With its superb array of Islamic architecture, Roman ruins and modernist art galleries, the south-coast city of Málaga – the birthplace of one Pablo Picasso – goes far beyond the sun-kissed cliches of its Costa del Sol location.
Art & Culture at every turn
Indeed, Malaga is said to have more museums than any other city in Andalucia. And, ever since the opening of a major museum dedicated to the city's favourite son, this lively port city has been enjoying something of a cultural renaissance.
And, there's plenty more to enjoy, too, from its dining scene – expect to find traditional tapas bars, Michelin-star restaurants and everything in between – to a delightful array of accommodation, tucked away between Roman ruins and Moorish extravagances. Then, along the coast, the beaches of the Costa del Sol are within easy reach.
Roman amphitheatre, Malaga
A coastal gem, laced with history
Malaga's town beach is attractive, sandy and long, dotted with beach bars serving traditional 'espeto' sardines and local beers. Back in town, charming Moorish tearooms are perfect to avoid the midday heat alongside numerous tapas bars for whiling evenings.
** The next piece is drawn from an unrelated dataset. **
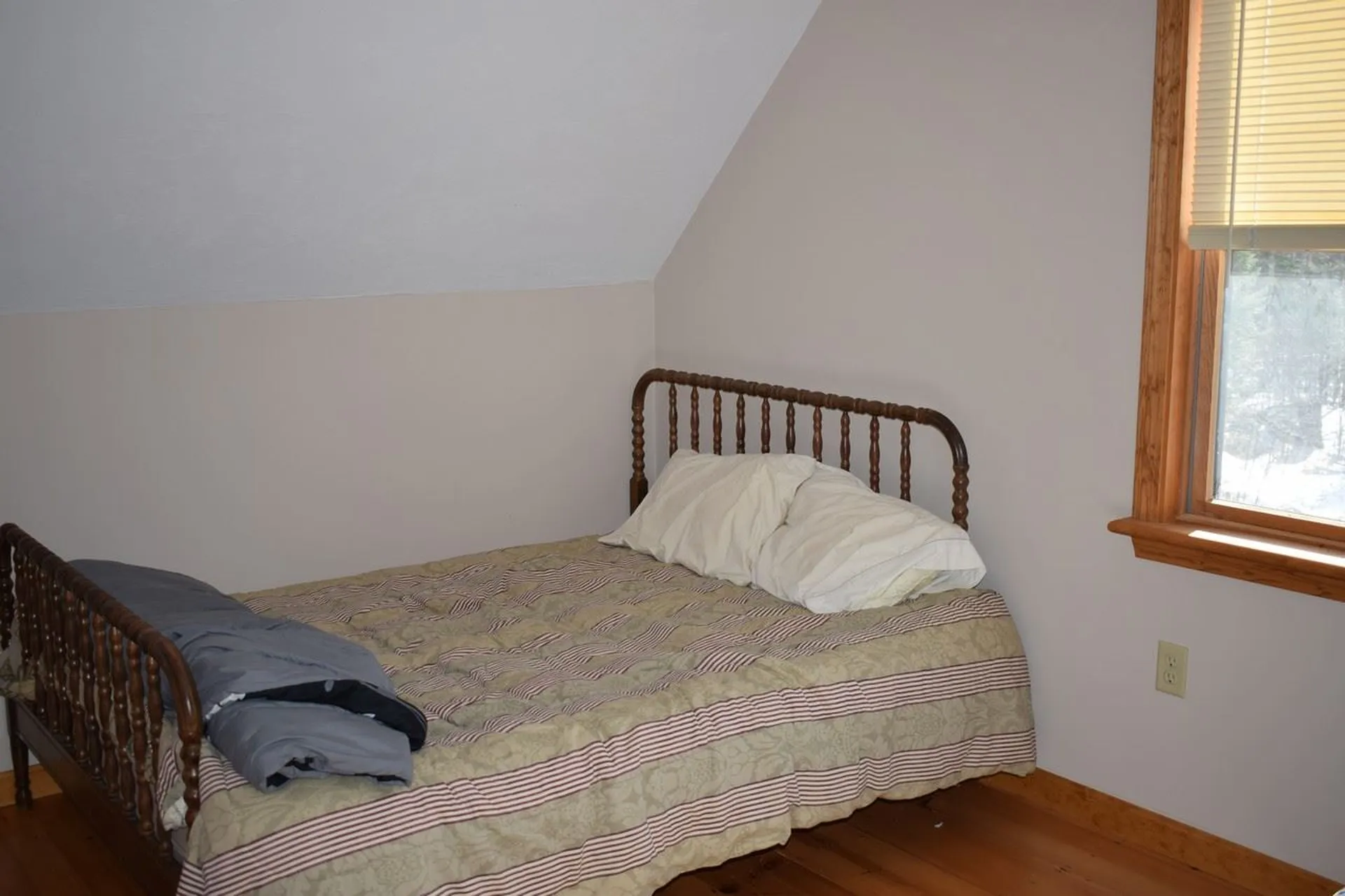 37 Rockwood Avenue Jefferson NH 03583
At the top of the hill overlooking it all sits the Moorish castle of Gibralfaro, known for being besieged for three long months by the Catholic Monarchs Ferdinand and Isabella.
Don't miss a stroll through the historical centre with its grand cathedral and jumble of narrow streets and ochre buildings. Come evening, everything explodes into life for hours, with Malaga's bars staying open long into the night.